** What the exercise asks **
Below are several entries. Transcribe exactly those lines that fall from the one with "thumbnail image 2" through the one with "28cm New Cute", end lines included.

** Records for this task **
>>

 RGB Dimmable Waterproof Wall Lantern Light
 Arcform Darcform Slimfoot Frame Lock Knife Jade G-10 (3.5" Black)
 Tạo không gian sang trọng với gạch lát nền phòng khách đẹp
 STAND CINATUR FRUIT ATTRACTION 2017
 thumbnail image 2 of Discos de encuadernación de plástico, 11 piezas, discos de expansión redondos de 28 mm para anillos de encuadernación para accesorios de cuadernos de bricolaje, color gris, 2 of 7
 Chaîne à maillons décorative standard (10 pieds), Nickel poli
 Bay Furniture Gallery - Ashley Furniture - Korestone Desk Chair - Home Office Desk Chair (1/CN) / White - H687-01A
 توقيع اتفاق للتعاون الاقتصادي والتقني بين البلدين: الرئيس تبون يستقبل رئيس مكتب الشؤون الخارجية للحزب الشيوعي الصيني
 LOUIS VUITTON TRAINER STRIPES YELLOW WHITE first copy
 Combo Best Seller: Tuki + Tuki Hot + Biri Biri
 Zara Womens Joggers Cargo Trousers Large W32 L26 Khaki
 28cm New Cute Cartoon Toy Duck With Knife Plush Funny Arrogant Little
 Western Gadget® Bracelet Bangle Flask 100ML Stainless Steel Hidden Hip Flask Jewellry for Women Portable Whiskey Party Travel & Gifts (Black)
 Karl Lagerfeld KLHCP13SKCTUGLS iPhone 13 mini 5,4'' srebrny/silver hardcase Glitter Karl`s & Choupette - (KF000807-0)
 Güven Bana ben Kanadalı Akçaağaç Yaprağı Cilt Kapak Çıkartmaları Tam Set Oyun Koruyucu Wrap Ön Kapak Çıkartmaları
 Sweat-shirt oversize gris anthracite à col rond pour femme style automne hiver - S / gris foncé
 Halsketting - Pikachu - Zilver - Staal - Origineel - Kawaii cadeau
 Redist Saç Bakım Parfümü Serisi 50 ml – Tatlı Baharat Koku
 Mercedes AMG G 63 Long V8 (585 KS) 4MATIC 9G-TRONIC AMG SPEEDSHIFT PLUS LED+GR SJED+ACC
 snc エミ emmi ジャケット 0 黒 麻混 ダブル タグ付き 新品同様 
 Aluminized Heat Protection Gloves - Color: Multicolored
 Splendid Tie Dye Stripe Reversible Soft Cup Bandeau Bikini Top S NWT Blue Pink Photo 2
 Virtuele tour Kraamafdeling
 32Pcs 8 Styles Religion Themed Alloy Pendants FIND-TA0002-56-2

<<

** Output **
 thumbnail image 2 of Discos de encuadernación de plástico, 11 piezas, discos de expansión redondos de 28 mm para anillos de encuadernación para accesorios de cuadernos de bricolaje, color gris, 2 of 7
 Chaîne à maillons décorative standard (10 pieds), Nickel poli
 Bay Furniture Gallery - Ashley Furniture - Korestone Desk Chair - Home Office Desk Chair (1/CN) / White - H687-01A
 توقيع اتفاق للتعاون الاقتصادي والتقني بين البلدين: الرئيس تبون يستقبل رئيس مكتب الشؤون الخارجية للحزب الشيوعي الصيني
 LOUIS VUITTON TRAINER STRIPES YELLOW WHITE first copy
 Combo Best Seller: Tuki + Tuki Hot + Biri Biri
 Zara Womens Joggers Cargo Trousers Large W32 L26 Khaki
 28cm New Cute Cartoon Toy Duck With Knife Plush Funny Arrogant Little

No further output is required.